Here are a few things that can either raise or lower the MSV.

Factors that raise the MSV:
Lower Compression Ratio
Less Squish Clearance
Larger Squish Area Ratio
Higher RPM
Smaller Bore
Longer Stroke
Shorter Rod


Factors that lower the MSV:
Higher Compression Ratio
Greater Squish Clearance
Smaller Squish Area Ratio
Lower RPM
Larger Bore
Shorter Stroke
Longer Rod

Here's the Bimotion head software: http://www.bimotion.se/

Free squish velocity program: http://www.torqsoft.net/squish-velocity.html

 

[CARBONX2]

A correction to your post #42: flatter port roofs are better for TOP-end and angled are better for BOTTOM-end

 

[#ZERO]

That's true I was thinking flat pointing upward and not flat across. A transfer port roof that's aimed upward will work better in the lower rpm range while the curved roof angle will give better top end & mid range performance. http://www.macdizzy.com/cylinder_map6.htm

 

[the_natrix]

Hi

Can anyone tell me the specific differences in the sleeves and port timing between the 62t 760, and the 65u 1200 motors? every time i search for sleeves they are listed as different part numbers, which leads me to beleive that they have different timing/duration values.

thanks

 

[loictahiti]

Hi #ZERO thanks for this tread , and I subscribed , :biggthumpup: now, i 'm reading it all day :Banane09:

so, i'm start to build a stroker engine with +6 (stock rod lenght) crancase 62T , 62T cylinder and 85 flat top kaw piston, blowsion head with cut dome .the piston are no flush with top of cylinder , they are under with 0,6 mm

with this engine my port timing are very race oriented

36,94 mm Exhaust hight
55,40 mm Main Transfer hight
55,50 mm Auxiliary Transfer hight
54,50 mm Boost Port hight
197,02° Exhaust Duration
136,98° Main Transfer Duration
136,98° Auxiliary Transfer Duration
30,02° Blowdown Time

if I cut the cylinder base with 3,1 mm my port timing are

40,04 mm Exhaust hight
58,5 mm Main Transfer hight
57,5 mm Boost Port hight
187,86° Exhaust Duration
124,88° Main Transfer Duration
31,49° Blowdown Time

in same time the head dome will be machined to match perfecly with piston with a good squish.
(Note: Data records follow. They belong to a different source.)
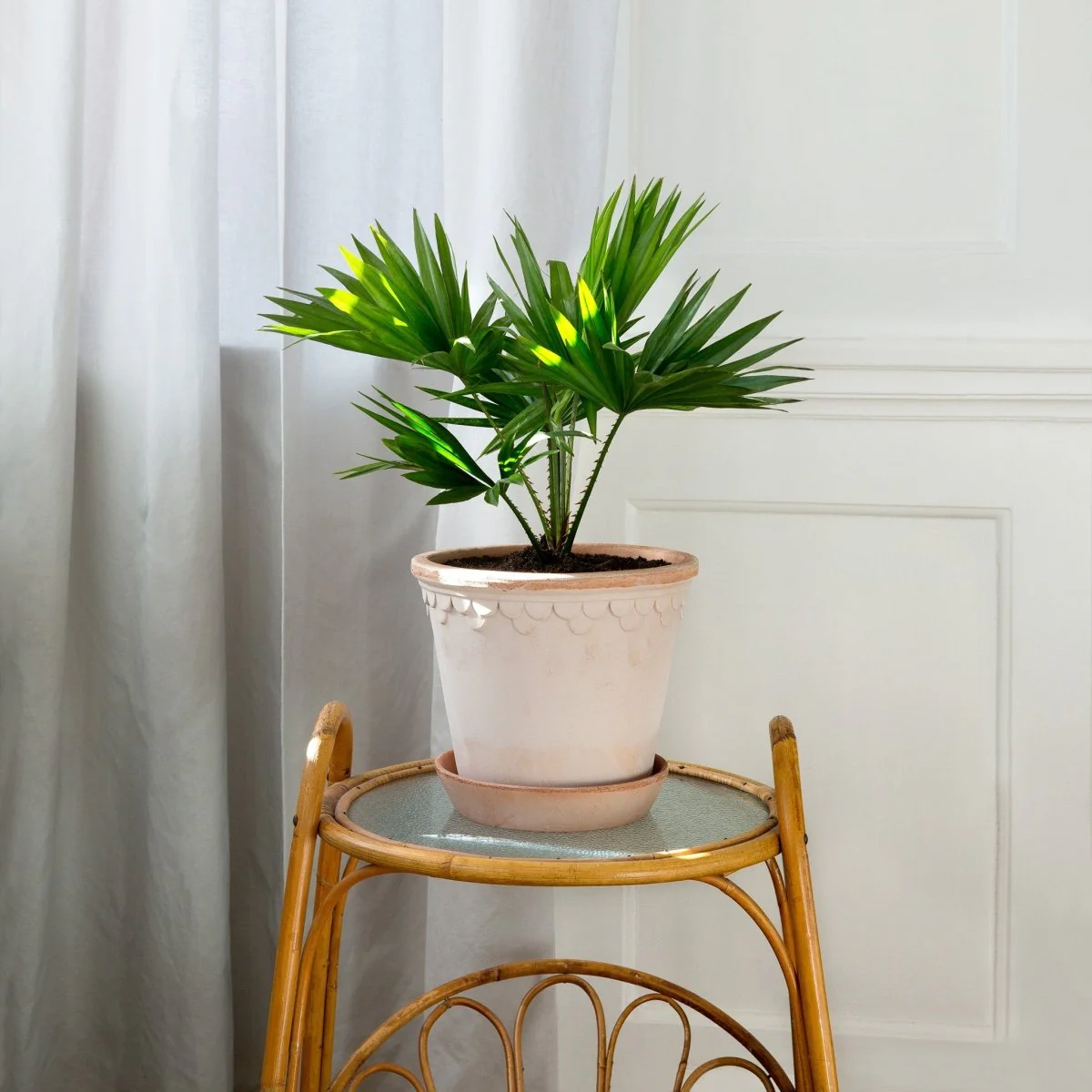 ÜBERTOPF BERGS KOPENHAGEN - Image 5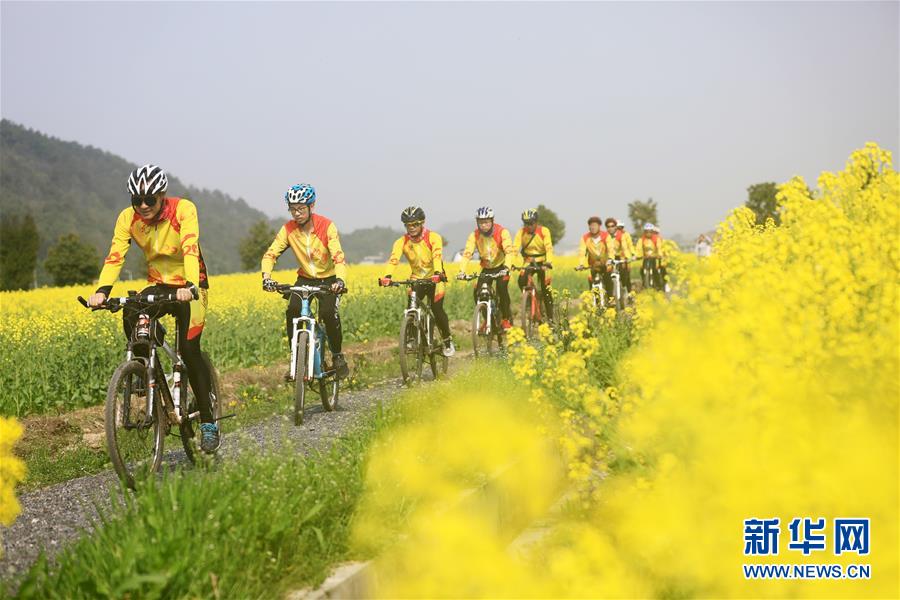 湖南衡陽：花開春意濃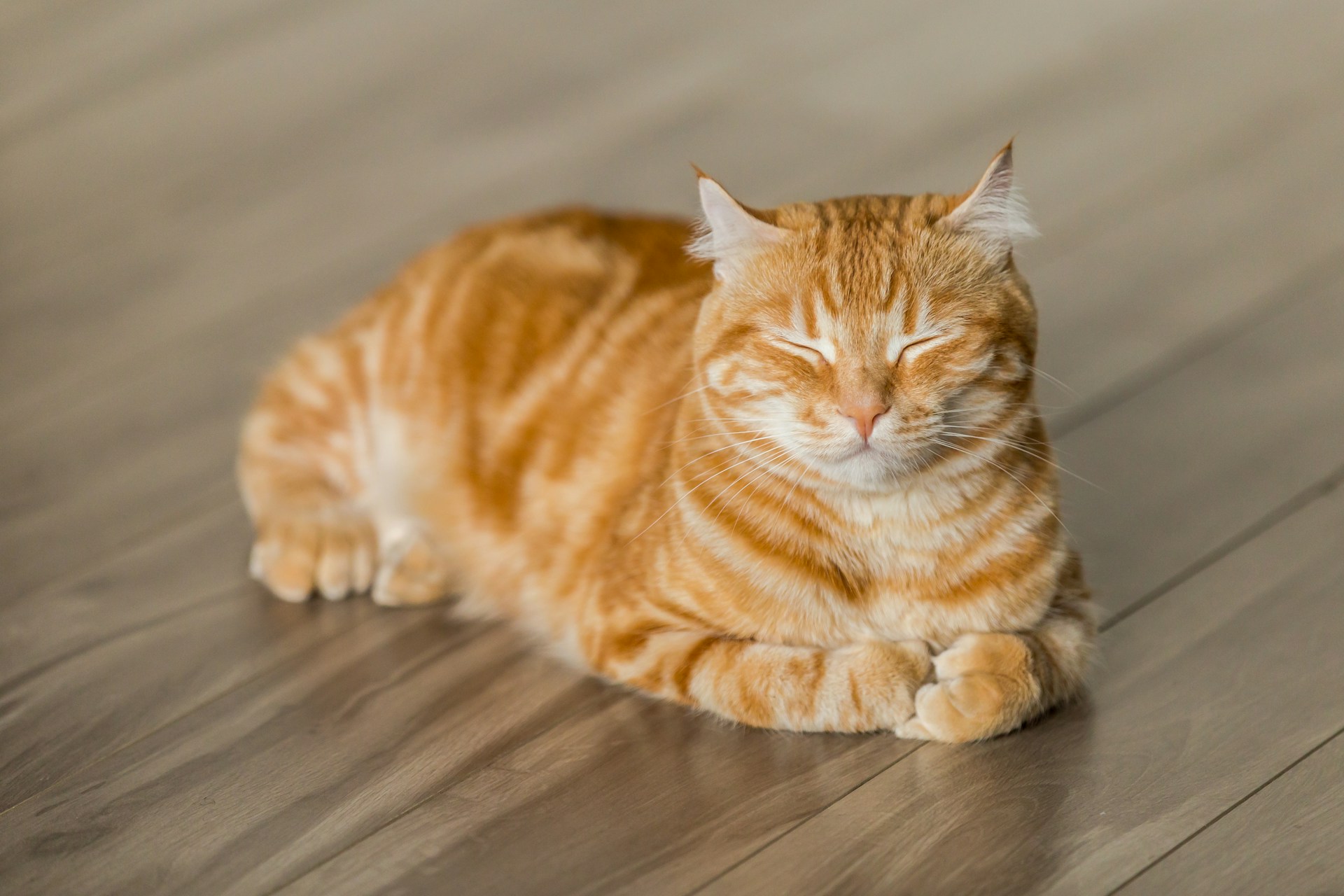 Cat Feeding Guide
what you think about that ? it will be more oriented in freestyle/freeride setting ?

or I waste my time and labor money ? :laugh2:

sorry about my bad english and not using inches size

thanks LOIC

 

[waxhead]

Are you going to run your piston 3mm positive deck, thats a lot.

 

[loictahiti]

not realy because I have a 0,6mm negative deck, so , it will be going +2,5 mm

 

[waxhead]

That port timing will work okay on a free ride boat.

 

[egbrig]

I see that most here always talk about bottom end, mid to top, and top end power rpm ranges. I'm currious as to what rpm everyone here equates these ranges to and if the ranges are tach derived or just feel. I'm just curious. WAX, ZERO this isn't for you to answer just yet.